In this arid terrain of struggle in this desertland of planned oppression
in this Sahara of corporate exploitation
where stubby outcrops, stunted scrubbrush
offer apparent relief, offer delusive pledges
in this nightmare of our half-lives
let us reject all palliatives
let us commit ourselves to resolute struggle
we will cry Enough, Enough, Enough!
until we have freedom for all
No more debt, no more slavery
No more debt-slavery
No more, no more, no more

- Voices of the Assembly by Dennis Brutus, August 10 2008.

We are the creditors! insist a new layer of African social activists
victimised by the ongoing Third World debt crisis, but now gathered to
fight back.

And they are right, particularly when we consider how much the north has
looted from the south in ecological terms.

Last week, the Africa chapters of Jubilee South, a social movement,
converged in Nairobi to debunk limited debt relief by northern powers
and to plan the next stage of financial campaigning.

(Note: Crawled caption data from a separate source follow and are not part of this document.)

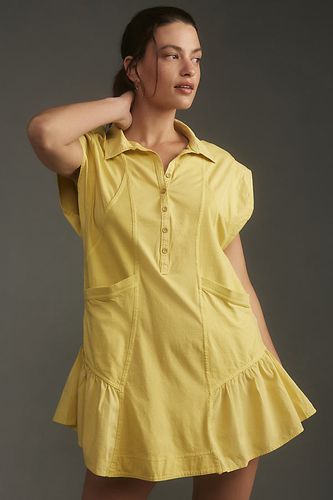 Robe courte à manches courtes Tango Daily Practice par en Green taille: S - Daily Practice by Anthropologie - Modalova
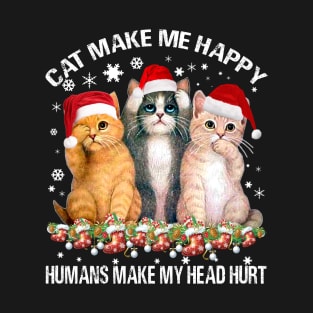 CAT MAKE ME HAPPY T-Shirt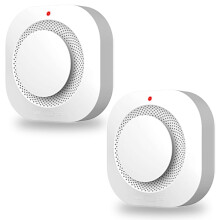 UL Certified Smoke Detector and Fire Alarm, 10Year Sensor, Wireless 85dB LED, 2 Pack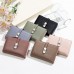 Women 9 Card Slots Zipper Trifold Wallet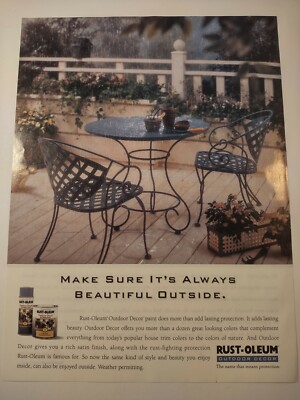 Rustoleum Outdoor Decor Deck Care Make Sure Its Beautiful Vintage Print Ad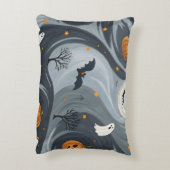 ハロウィーンの死の夜 アクセントクッション (裏面(縦))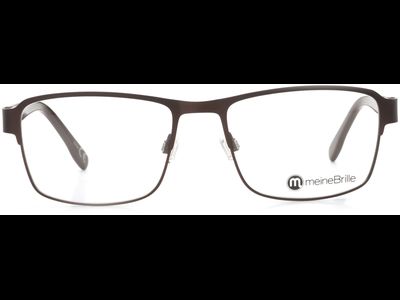 meineBrille 04-96010-02, Dunkel Braun Matt front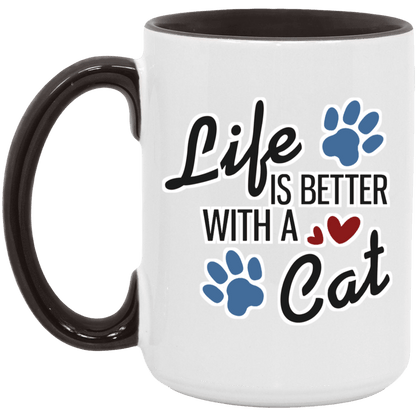 Life is Better with a Cat - Mugs.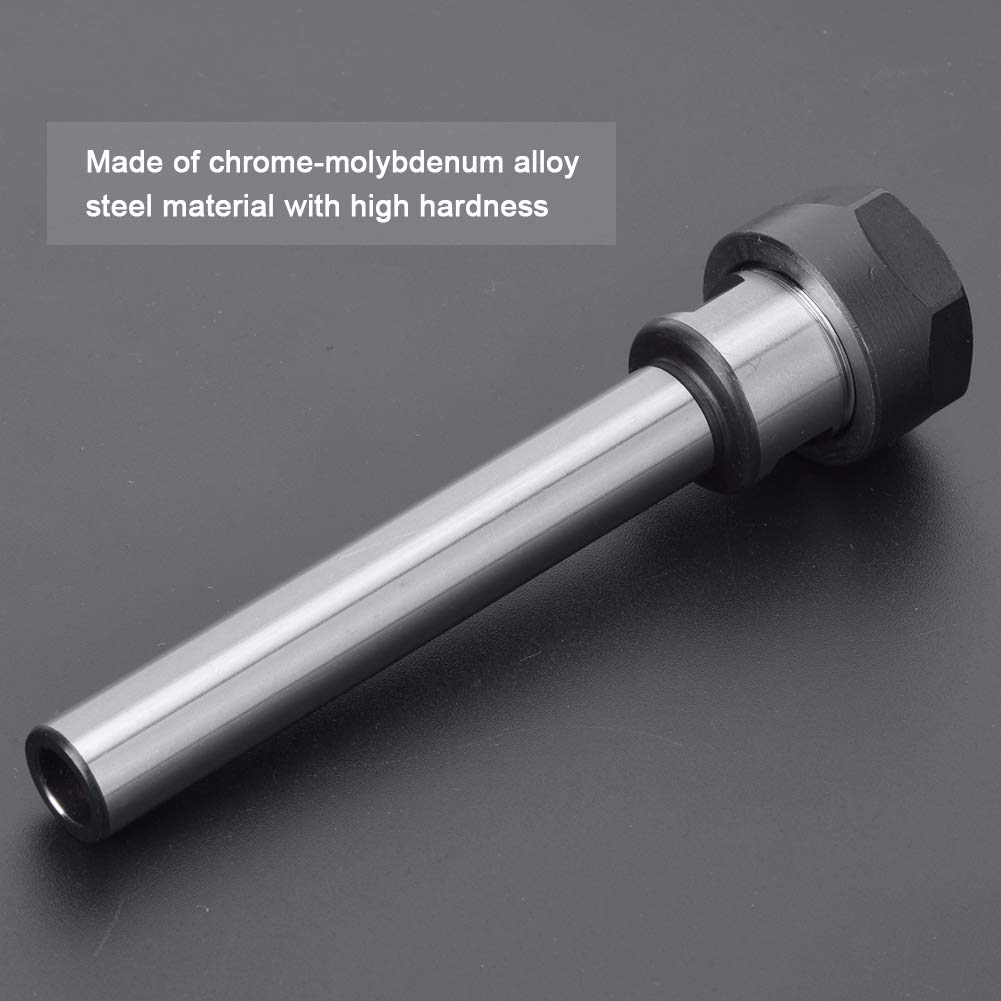 ER20 Collet Chuck Holder, ER20A 100L100mm Length Collet Chuck Holder Extension Straight Shank Tool Holder (C16)
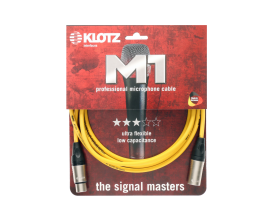 KLOTZ M1K5FM0500 - Câble Microphone XLR / XLR Série M1 5 mètres rouge, Made in Germany (copie)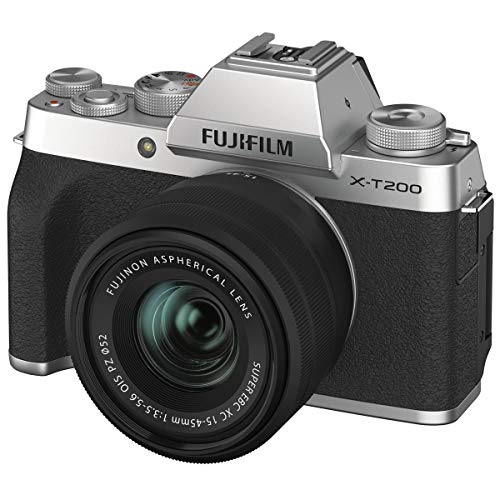 Fujifilm X-T200 Mirrorless Digital Camera w/XC15-45mm Kit - Silver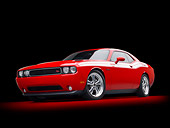 AUT 46 RK0116 01
2011 Dodge Challenger Red 3/4 Front View In Studio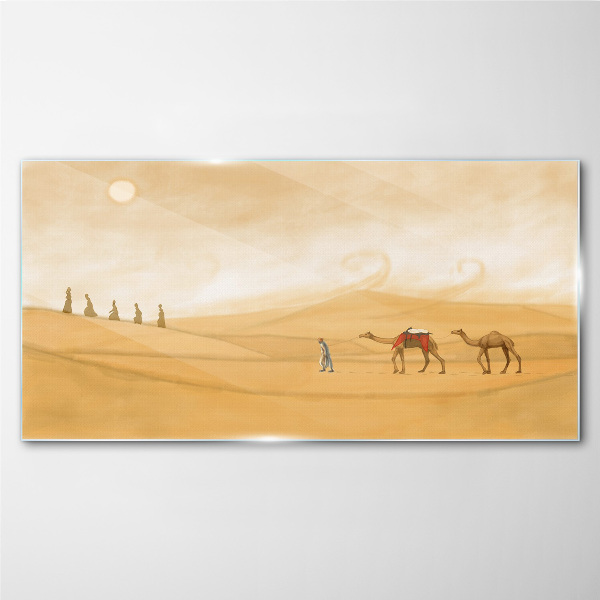 Journey through the desert Wall art on glass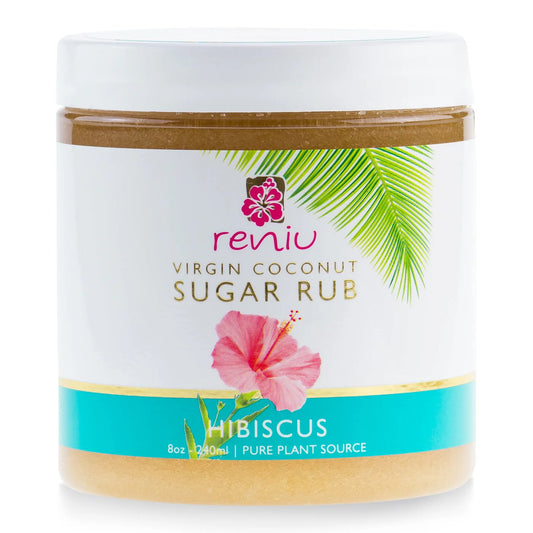 Reniu Virgin Coconut Sugar Scrub in Hibiscus
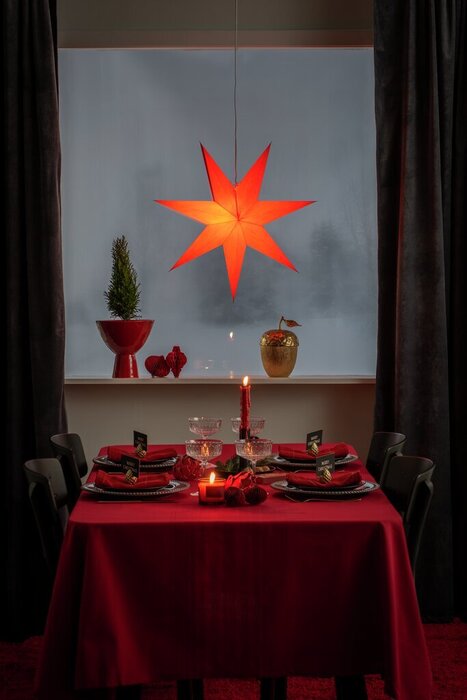 Adventsstjärna Röd Ø60 cm Konstsmide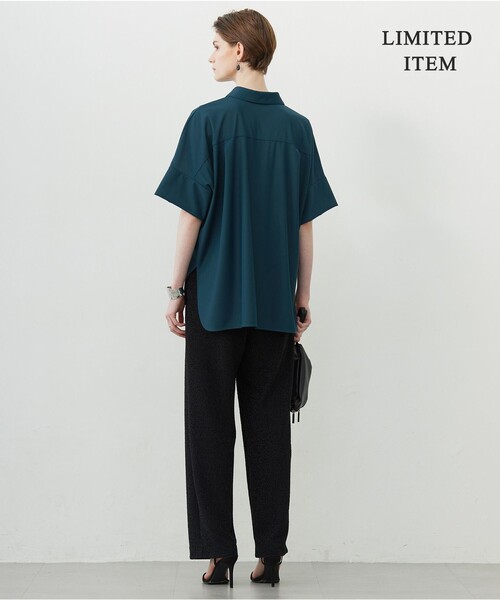 WEB限定・洗える】シアートリコット スキッパーカットソー（Tシャツ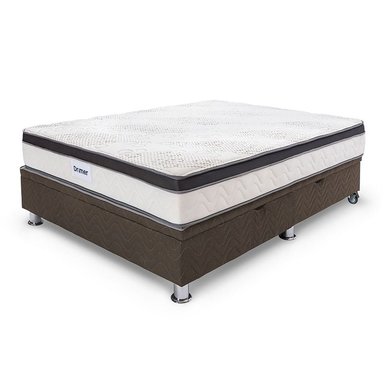 Cama Practibox Drimer Pocket Aero Látex 1.5 Plazas Marrón - 5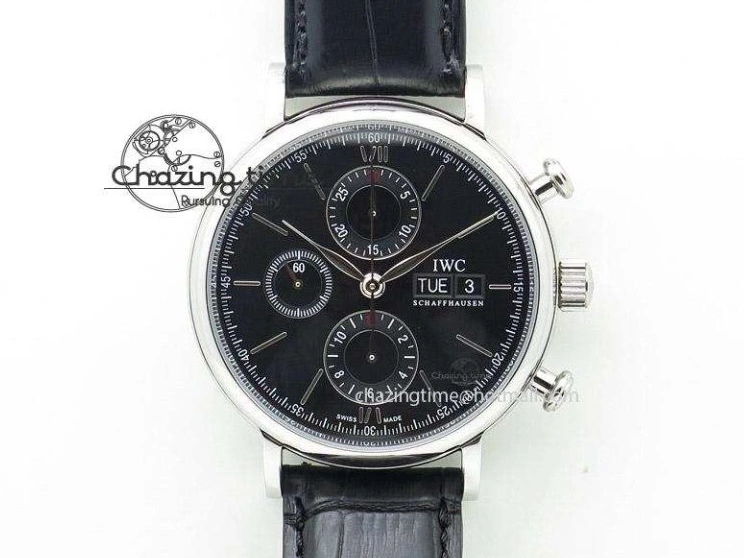 MIROTIME 0728 UrbanChic Ingeniuer St.Laurens SS Blue Dial MK 1:1 Best Edition On Black Leather Strap A 7366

Later today in Johannesburg, the revival of Jubilee South Africa is
partly based upon members' attention to the reverse debt owed by big
capital for environmental damage.

Ecological debt is now an especially important concept for our
collective future, as a new official simulation of the disastrous impact
of rising sea levels on Cape Town creates similar concerns for us in Durban.

Who should pay for mitigating global warming and adaptation?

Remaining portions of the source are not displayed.